* _Problem requirements_: Your answer must be the exact lines from the one with "Beige wollen trui" to the end of the data, both included, with no pictures.

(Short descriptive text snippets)
--- START ---
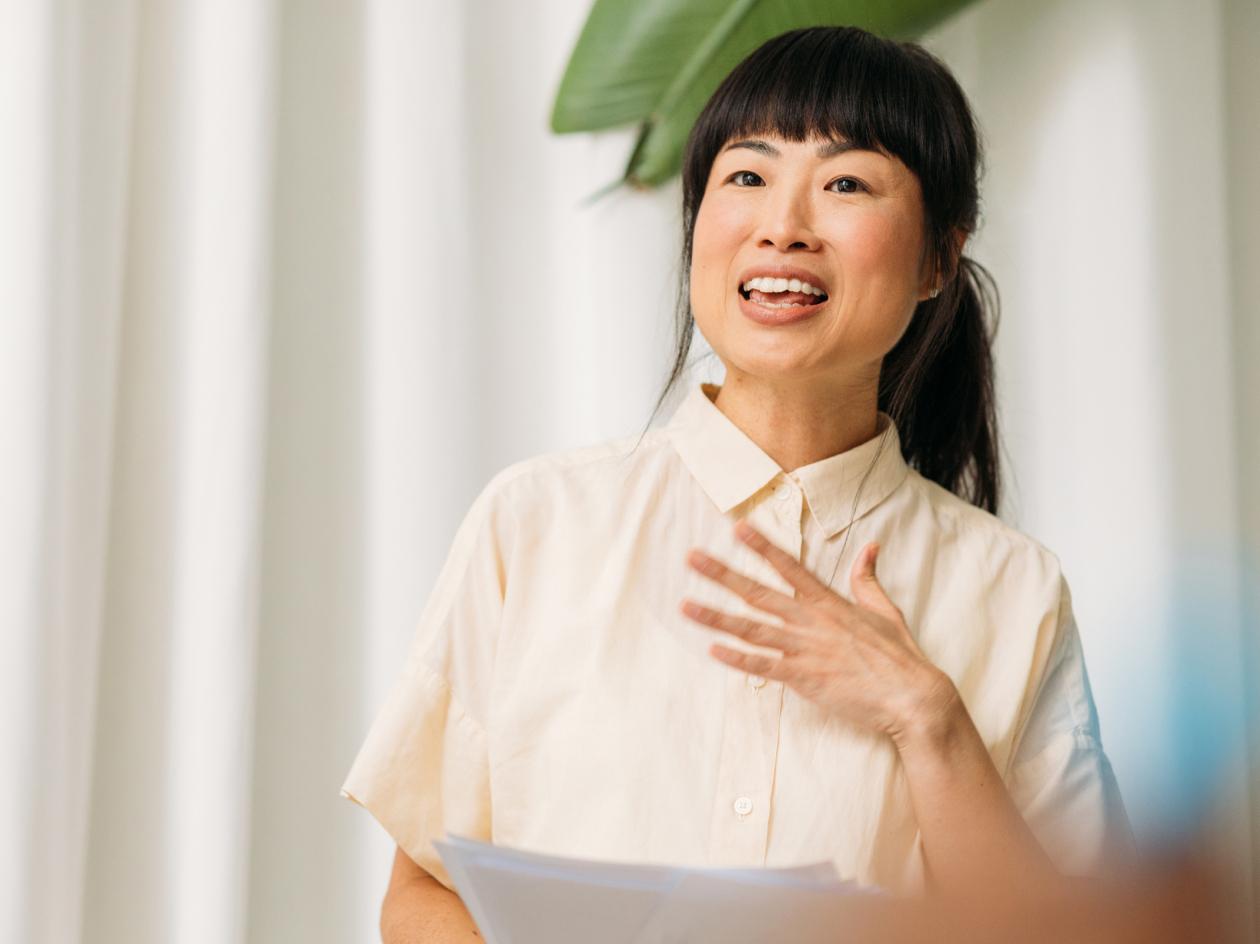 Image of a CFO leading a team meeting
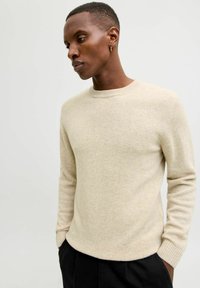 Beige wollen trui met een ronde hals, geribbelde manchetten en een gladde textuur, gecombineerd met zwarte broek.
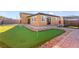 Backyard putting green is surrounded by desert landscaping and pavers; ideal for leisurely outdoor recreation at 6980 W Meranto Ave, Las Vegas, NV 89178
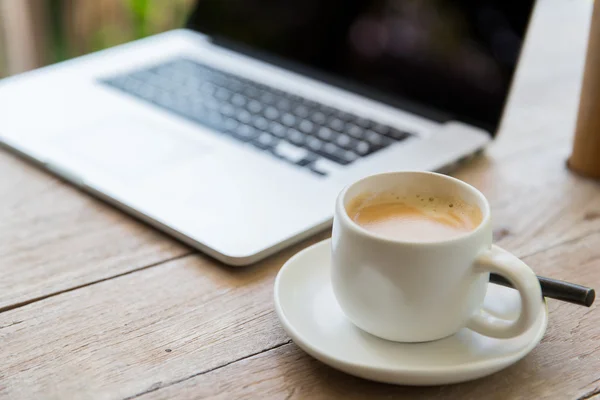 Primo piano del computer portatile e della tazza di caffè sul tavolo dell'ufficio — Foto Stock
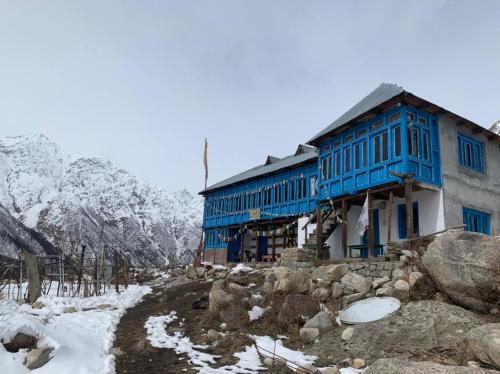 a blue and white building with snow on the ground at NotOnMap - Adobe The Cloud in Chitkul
--- END ---
* _Your solution_:
 Beige wollen trui met een ronde hals, geribbelde manchetten en een gladde textuur, gecombineerd met zwarte broek.
 Backyard putting green is surrounded by desert landscaping and pavers; ideal for leisurely outdoor recreation at 6980 W Meranto Ave, Las Vegas, NV 89178
 Primo piano del computer portatile e della tazza di caffè sul tavolo dell'ufficio — Foto Stock
 a blue and white building with snow on the ground at NotOnMap - Adobe The Cloud in Chitkul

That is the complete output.